- Lagos Pays N78.5bn Into Workers’ Retirement Savings Accounts
As part of efforts to ensure that workers earn their pensions when upon retirement, the Lagos State Government paid a total of N78.5bn into the Retirement Savings Accounts of its employees as of the end of March.
The Commissioner for Establishments, Training and Pensions, Dr. Akintola Oke, stated this during the state’s 38th retirement bond certificate presentation in Lagos on Friday.
“The Lagos State Government has never failed to remit monthly contributions into the Retirement Savings Accounts maintained by its workers with 10 Pension Fund Administrators,” he said.
Oke noted that 311 retirees would have their RSAs credited with accrued pension rights of N1.6bn, made up of gratuity and pension benefits under the Defined Benefits Scheme for employees who transited to the Defined Contributory Scheme during the bond presentation.

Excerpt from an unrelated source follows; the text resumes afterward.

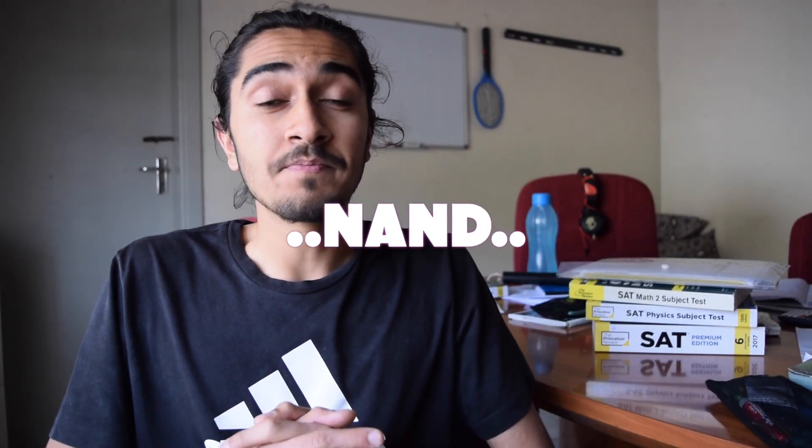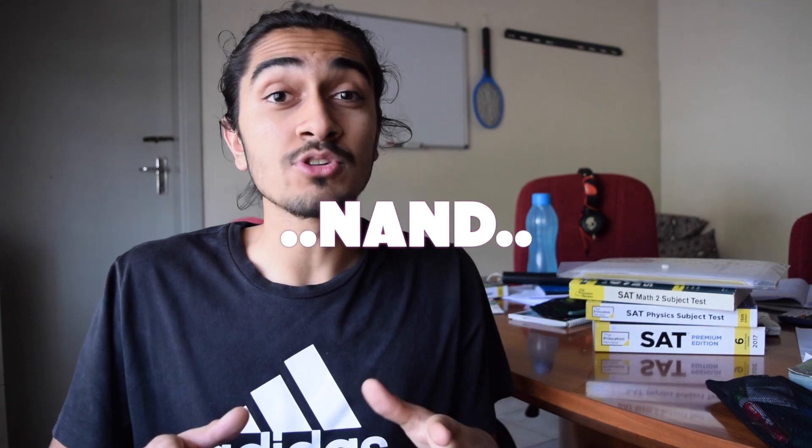Hello guys and welcome back to my channel. I'm Nand and this video is all about how to get an A in maths at AS level. I wrote my AS level exams in May/June 2017. I got an A in maths and today I'm going to share with you some tricks, strategies and plans which I actually executed before my exams. My serious preparations for maths at AS level were only one and a half months.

The Director-General, Lagos State Pension Commission, Mrs. Folashade Onanuga, said the state had paid N27.4bn to retirees less than two years.
“In a period of less than two years, from August 2015 to April 2017, the state government through LASPEC, has paid accrued pension rights in the sum of N27.4bn into the RSAs of 6,267 retirees. Accrued pension rights previously paid before the current administration amounts to N33.6bn to 7,409 retirees,” she stated.
Since the commencement of the retirement benefits bond certificate presentation in 2010, she said the state had paid about N61.4bn to over 13,676 retirees/withdrawn staff.
“In addition, the state government through the commission has paid to named beneficiaries of deceased employees insurance benefits of N12.5m for the month of April. This brings the total of death benefits to N182.5m from August 2015 to date,” Onanuga explained.
The LASPEC boss informed the retirees of the two exit options for receiving their monthly pensions, which are programmed withdrawal and annuity.
She enjoined all the beneficiaries to take good care of their health and physical well-being as well as desist from frivolous spending.